◆ WHAT THE TASK ASKS
Each entry should be set down exactly as written, except for any picture it holds.

◆ DATASET EXTRACT
______________________________

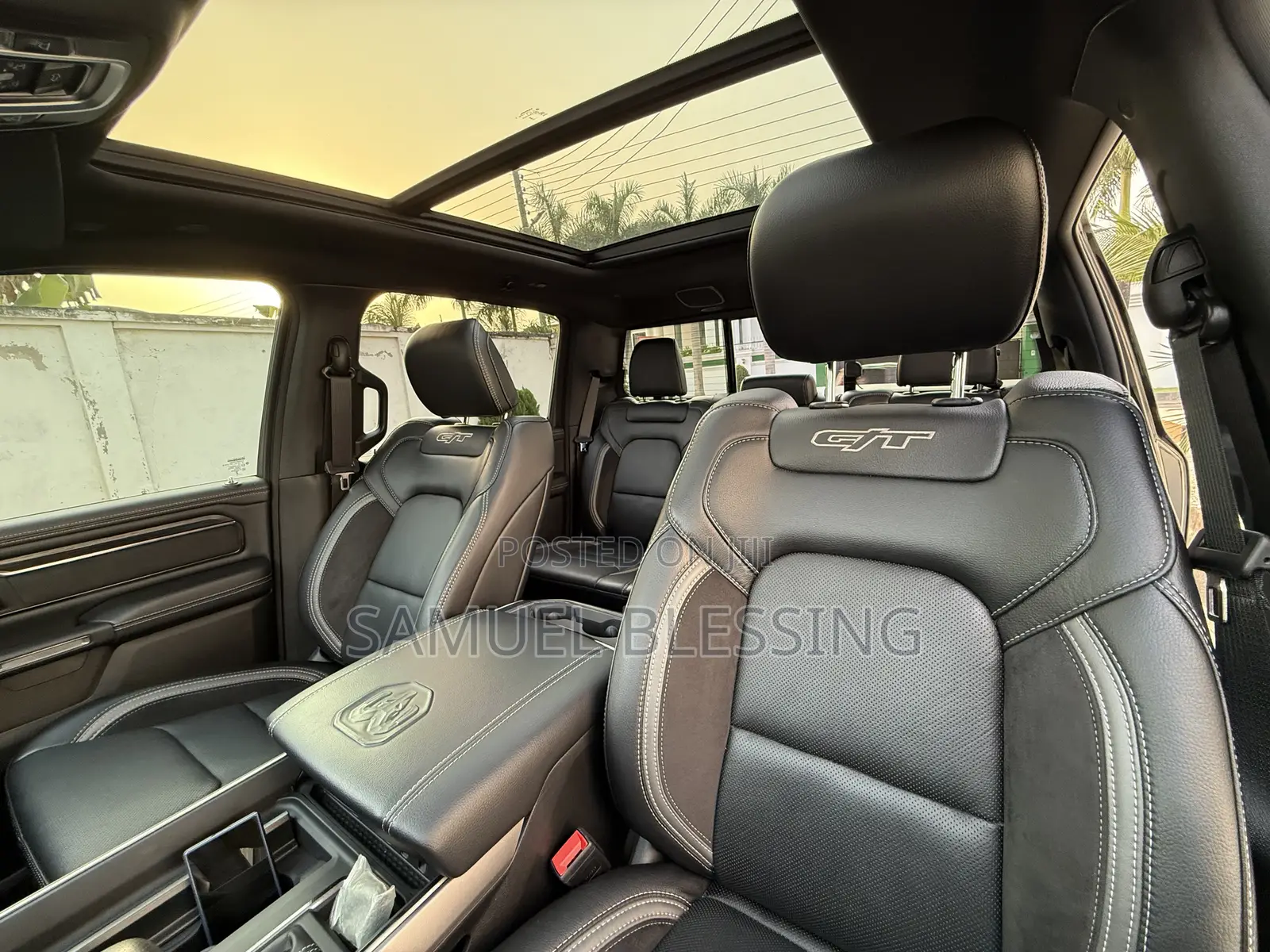 Dodge RAM 2023 Black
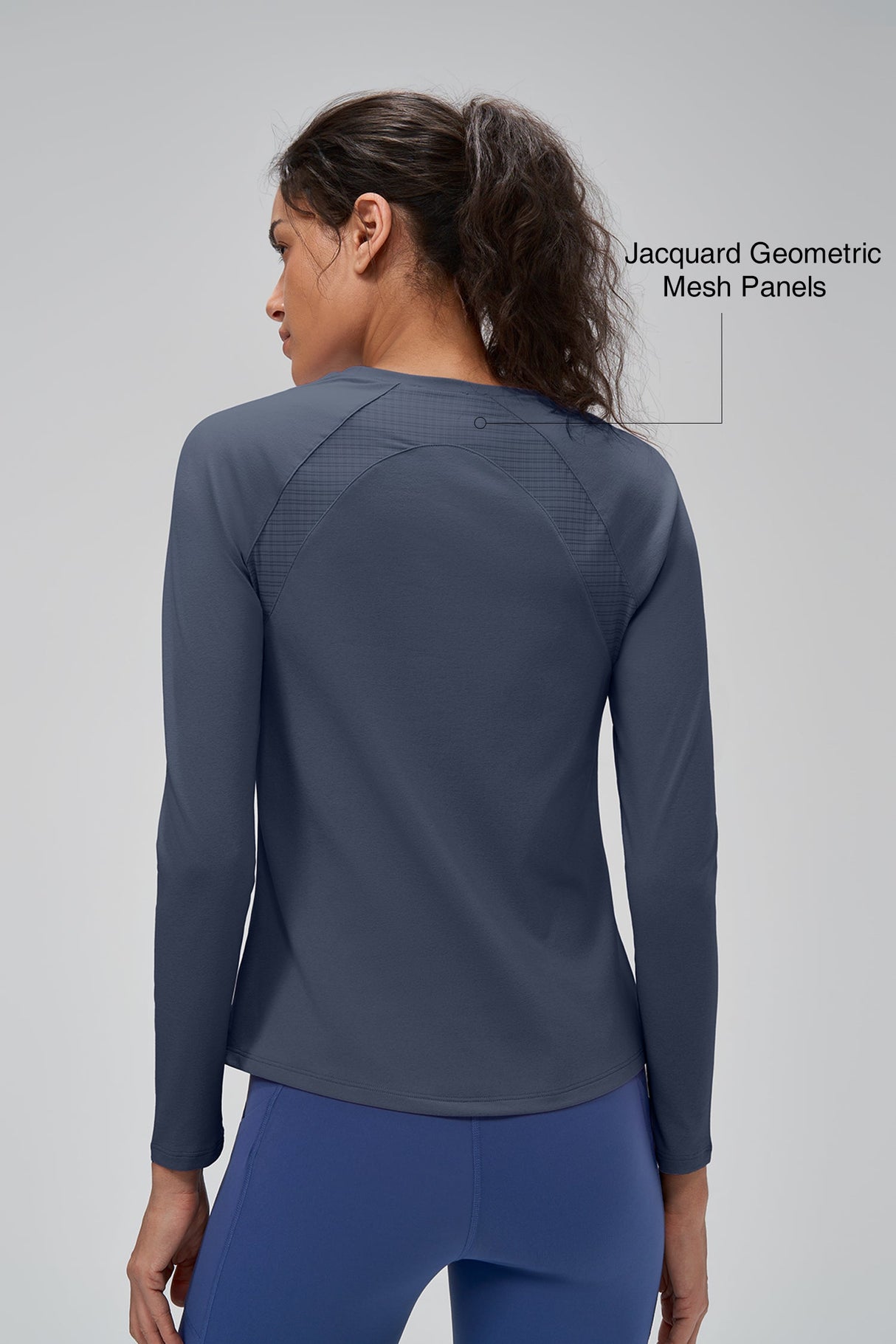 Anywhere™ Performance Mesh Long Sleeve T-shirt | Women's Long Sleeve T-shirt
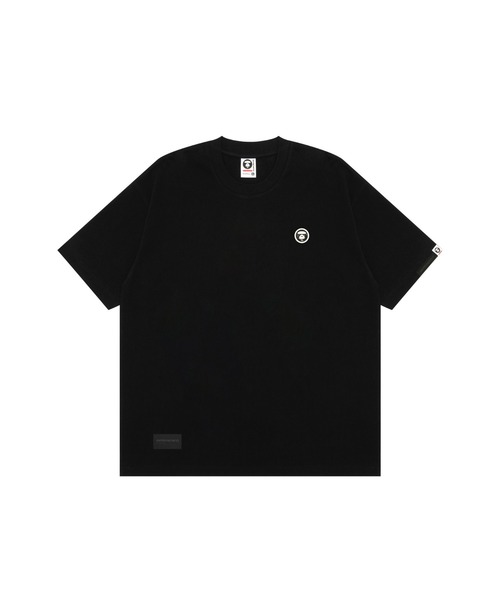 AAPE BY A BATHING APE 「AAPE APE」 半袖Tシャツ - ブラック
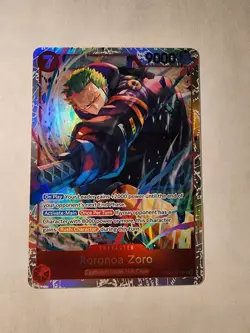 Roronoa Zoro (EB04-007) EB04-007 Adventure on Kami's Island Foil - Image 1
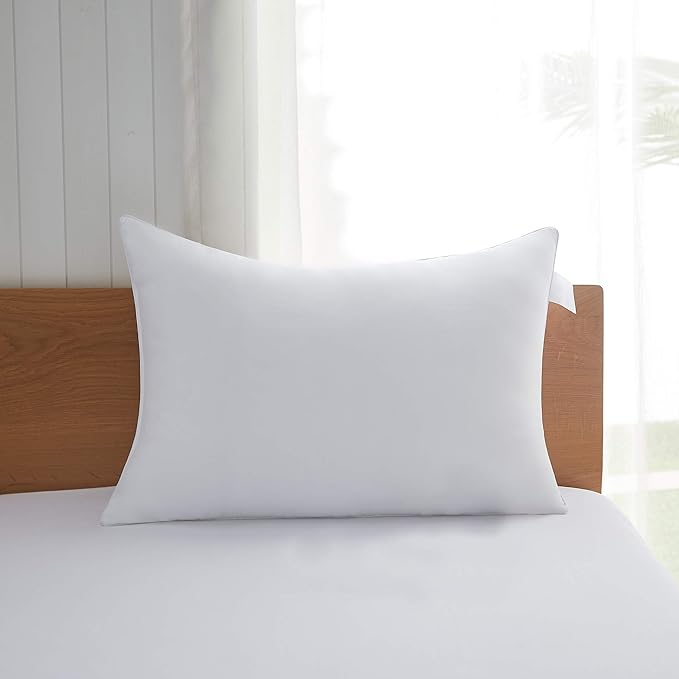 Hotel Quality Bed Pillows for Sleeping,Premium 3D Plush Fiber-Reduces Neck Pain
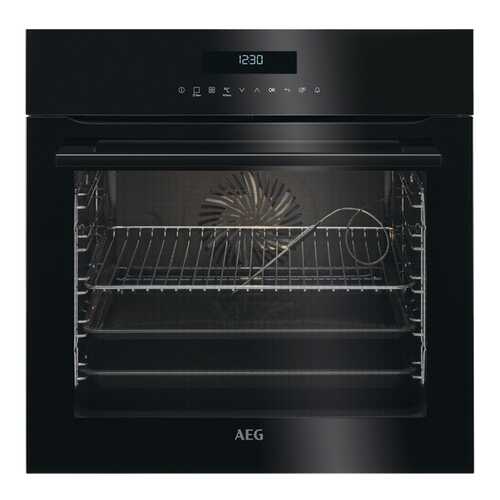 Встраиваемый электрический духовой шкаф AEG BCR742350B Black в Норд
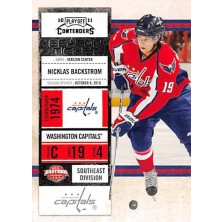 Backstrom Nicklas - 2010-11 Playoff Contenders No.100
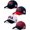 6 Color, variant on 4Pcs USA Hats for Men Patriotic Hat Embroidered American Flag Baseball Cap | Classic USA Hat & USA Cap Set | 100% Cotton | American Flag Hats for Men Women | Adjustable Baseball Cap for Daily Wear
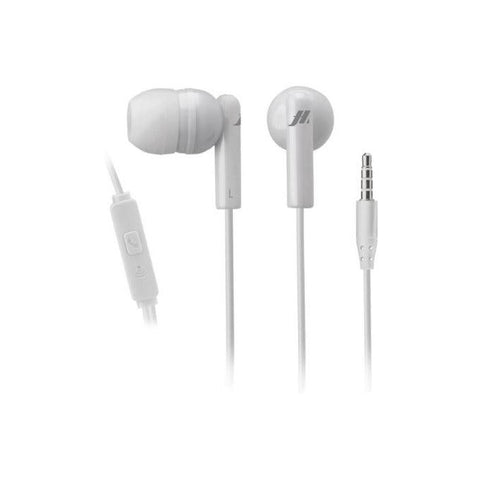 Music Hero TUNE SILKY 3.5mm Wired Earphones - White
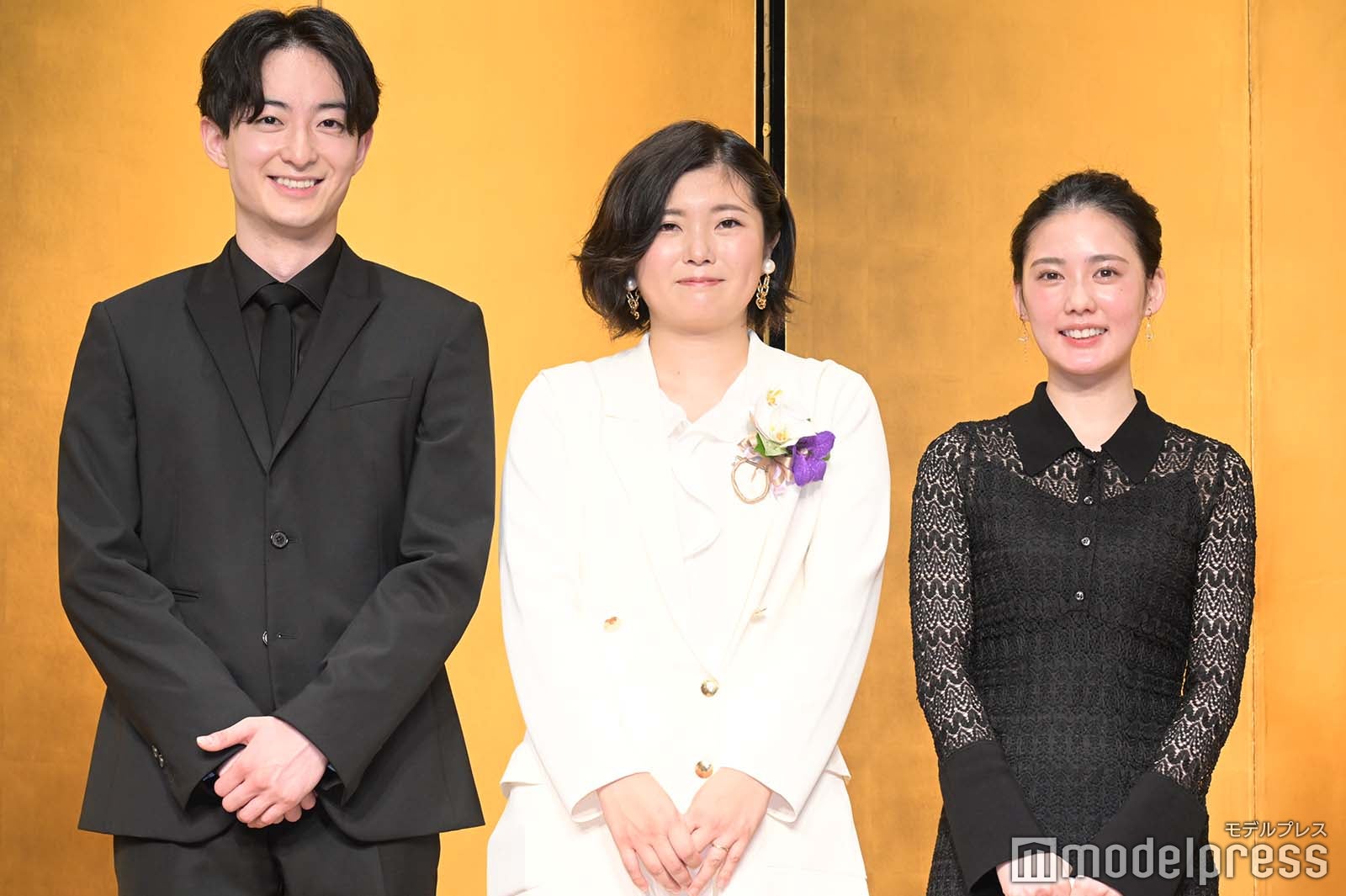 濱正悟、吉田恵里香氏、北香那 （C）モデルプレス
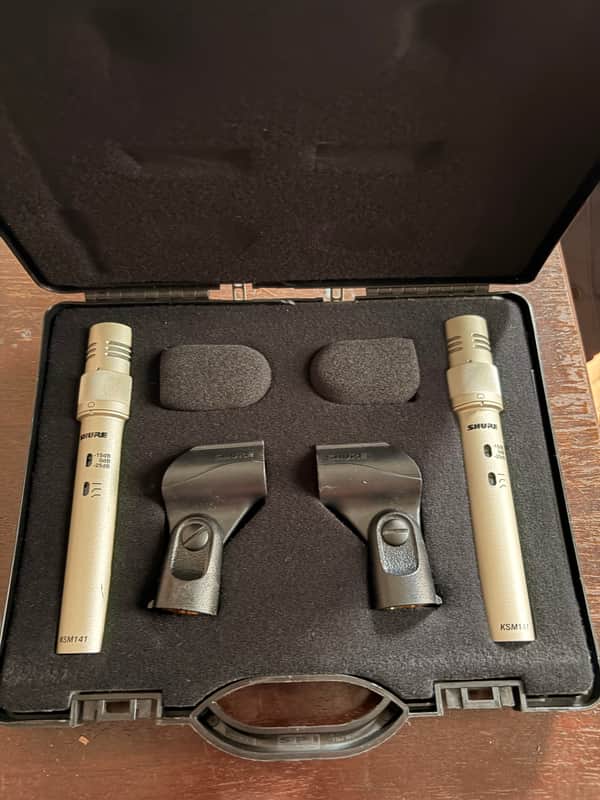 Shure KSM141 / SL Stereo (Pair)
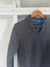 Vintage Wool Sweater - Charcoal Grey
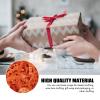 ZEBMOON 2 LB Orange Crinkle Cut Paper Shred Filler Great for Gift Wrapping, Basket Filling, Birthday, Wedding, Halloween, Thanksgiving, Christmas Day, New Year Party Decorations Filling Supplies view 2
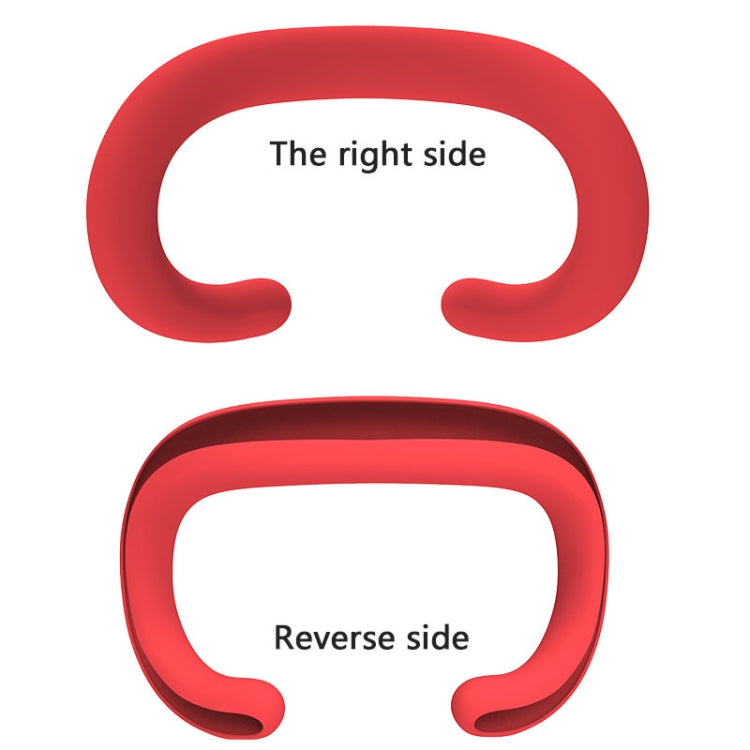 For Apple Vision Pro Silicone Eye Mask Sweatproof Dustproof Replaceable Silicone Case(Black) - VR Accessories by PMc TechLife | Online Shopping South Africa | PMc TechLife | Buy Now Pay Later Mobicred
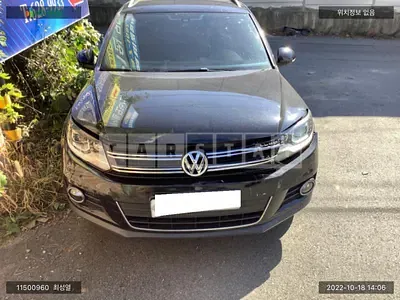 Photo 1 of 20: 2015 Volkswagen Tiguan, VIN WVGZZZ5NZFW561246 — Korean insurance auction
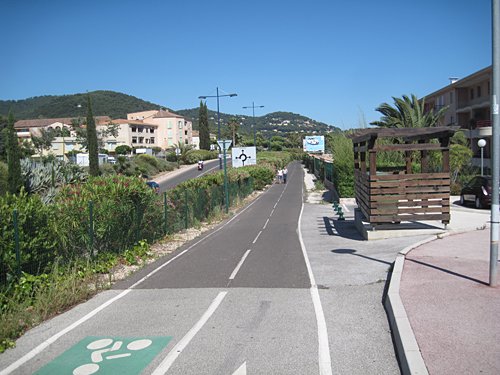 Bike Path of the Littoral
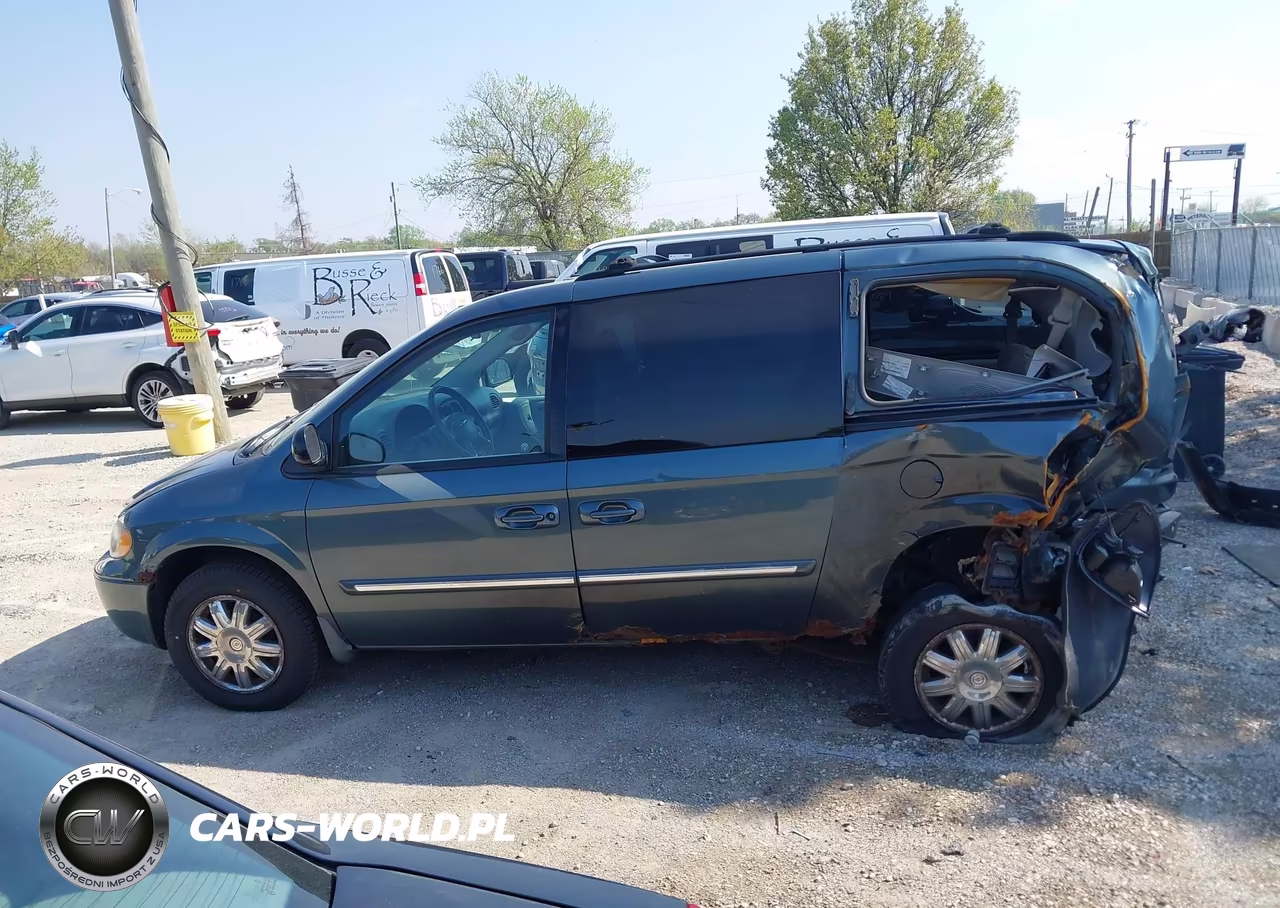 2007 Chrysler Town & Country Touring VIN:2A4GP54L87R280403 - 14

______________________________

◆ EXERCISE SOLUTION
 Dodge RAM 2023 Black
 Anywhere™ Performance Mesh Long Sleeve T-shirt | Women's Long Sleeve T-shirt
 AAPE BY A BATHING APE 「AAPE APE」 半袖Tシャツ - ブラック
 Roronoa Zoro (EB04-007) EB04-007 Adventure on Kami's Island Foil - Image 1
 Hotel Quality Bed Pillows for Sleeping,Premium 3D Plush Fiber-Reduces Neck Pain
 Встраиваемый электрический духовой шкаф AEG BCR742350B Black в Норд
 Backstrom Nicklas - 2010-11 Playoff Contenders No.100
 6 Color, variant on 4Pcs USA Hats for Men Patriotic Hat Embroidered American Flag Baseball Cap | Classic USA Hat & USA Cap Set | 100% Cotton | American Flag Hats for Men Women | Adjustable Baseball Cap for Daily Wear
 Music Hero TUNE SILKY 3.5mm Wired Earphones - White
 濱正悟、吉田恵里香氏、北香那 （C）モデルプレス
 Shure KSM141 / SL Stereo (Pair)
 Vintage Wool Sweater - Charcoal Grey
 ZEBMOON 2 LB Orange Crinkle Cut Paper Shred Filler Great for Gift Wrapping, Basket Filling, Birthday, Wedding, Halloween, Thanksgiving, Christmas Day, New Year Party Decorations Filling Supplies view 2
 For Apple Vision Pro Silicone Eye Mask Sweatproof Dustproof Replaceable Silicone Case(Black) - VR Accessories by PMc TechLife | Online Shopping South Africa | PMc TechLife | Buy Now Pay Later Mobicred
 Photo 1 of 20: 2015 Volkswagen Tiguan, VIN WVGZZZ5NZFW561246 — Korean insurance auction
 Bike Path of the Littoral
 2007 Chrysler Town & Country Touring VIN:2A4GP54L87R280403 - 14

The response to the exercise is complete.